行動には結果が出る。そして、その結果が、次の行動を生む。

晃一の職場に、新人が来た。


介護福祉士の資格を持っているとの事で、研修期間が終われば、新人とはいえ、晃一よりも上の立場になる。


「大学で資格は取りましたが、実務については素人なので、ご指導をよろしくお願いします。」

イケメンで、爽やかな雰囲気を持ち、細マッチョな彼は女性陣の心を鷲掴みにした。

志田 恭介。晃一の勤める介護事業所の社長の次男である。


晃一は、笑顔でみんなと同じように、歓迎の拍手をしていた。

しかし、彼は、冷や汗をかいており、内心では一刻も早くこの場を離れたいと考えていた。

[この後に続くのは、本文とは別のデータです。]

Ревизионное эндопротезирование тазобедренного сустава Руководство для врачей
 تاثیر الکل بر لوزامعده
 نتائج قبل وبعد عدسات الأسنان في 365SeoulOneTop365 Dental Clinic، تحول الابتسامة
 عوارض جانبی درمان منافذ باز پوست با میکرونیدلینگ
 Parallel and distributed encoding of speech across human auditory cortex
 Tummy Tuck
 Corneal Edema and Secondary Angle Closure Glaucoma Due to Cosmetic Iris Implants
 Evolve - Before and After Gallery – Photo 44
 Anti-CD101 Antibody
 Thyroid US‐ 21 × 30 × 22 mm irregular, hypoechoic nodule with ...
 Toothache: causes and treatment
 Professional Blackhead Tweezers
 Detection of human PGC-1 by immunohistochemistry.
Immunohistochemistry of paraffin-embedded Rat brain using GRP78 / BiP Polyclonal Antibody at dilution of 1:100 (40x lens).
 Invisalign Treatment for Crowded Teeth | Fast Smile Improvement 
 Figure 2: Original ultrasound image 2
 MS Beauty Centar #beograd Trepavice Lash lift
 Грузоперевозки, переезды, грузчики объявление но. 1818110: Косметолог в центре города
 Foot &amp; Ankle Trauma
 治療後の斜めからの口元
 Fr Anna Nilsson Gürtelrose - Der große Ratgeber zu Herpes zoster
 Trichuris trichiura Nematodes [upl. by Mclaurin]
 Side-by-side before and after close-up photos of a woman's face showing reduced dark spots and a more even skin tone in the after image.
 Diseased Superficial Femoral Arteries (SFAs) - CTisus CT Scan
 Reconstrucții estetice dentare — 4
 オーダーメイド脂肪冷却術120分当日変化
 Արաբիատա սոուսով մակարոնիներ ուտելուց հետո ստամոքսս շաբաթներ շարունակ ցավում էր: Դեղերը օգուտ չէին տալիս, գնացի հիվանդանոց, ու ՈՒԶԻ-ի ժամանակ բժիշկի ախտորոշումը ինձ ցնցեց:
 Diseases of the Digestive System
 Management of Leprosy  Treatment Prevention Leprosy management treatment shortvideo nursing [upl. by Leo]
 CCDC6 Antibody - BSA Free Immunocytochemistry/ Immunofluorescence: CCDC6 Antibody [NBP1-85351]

なぜなら、2年前に晃一は、恭介を半殺しにした事があるからだ。


きっかけは、友人の妹の復讐だった。


恭介は、幼い頃から空手をやっており、高校で日本チャンピオン、大学一年で世界大会3位と凄まじい才能を発揮した。

将来は、世界チャンピオンになり、日本のエースとして、日本最大の団体を率いて行くと期待されていた。


しかし、彼は大学2年の時に、空手の世界から身を引いた。


表向きの理由は、ある事件に巻き込まれ、致命的なケガを負った為に、若くして引退した事になっている。


だが、本当の理由は、晃一の友人の妹をレイプした為に、晃一に半殺しにされ、自白のビデオと罪を認める念書を取られたからだ。

その念書に、空手の世界から身を引く事も含まれていた。


もちろん、公にはなっていない。なぜなら、被害者である友人の妹が、事件として世に出る事を拒否したからである。


なお、被害者本人は知らないが、晃一と友人は、恭介の父親にだけ、恭介の犯した罪を知らせ、証拠を見せた。証拠と引き換えに、賠償金を脅し取る為に。この取り引きを知るのは、晃一と友人、恭介、恭介の父親だけだ。


しかし、晃一は、やり過ぎた。


取り引きをした1ヶ月後、恭介の父親が自殺したのだ。


この自殺の原因も、表向きは、自らも空手の経験者であった恭介の父が、息子の引退に責任を感じ、世間へのお詫びとして死を選んだ事になっている。


真相を知るのは、晃一と友人、恭介のみである。



恨みは、憎しみを生み、その憎しみは、恨みを生む。その連鎖を断ち切るのは難しい。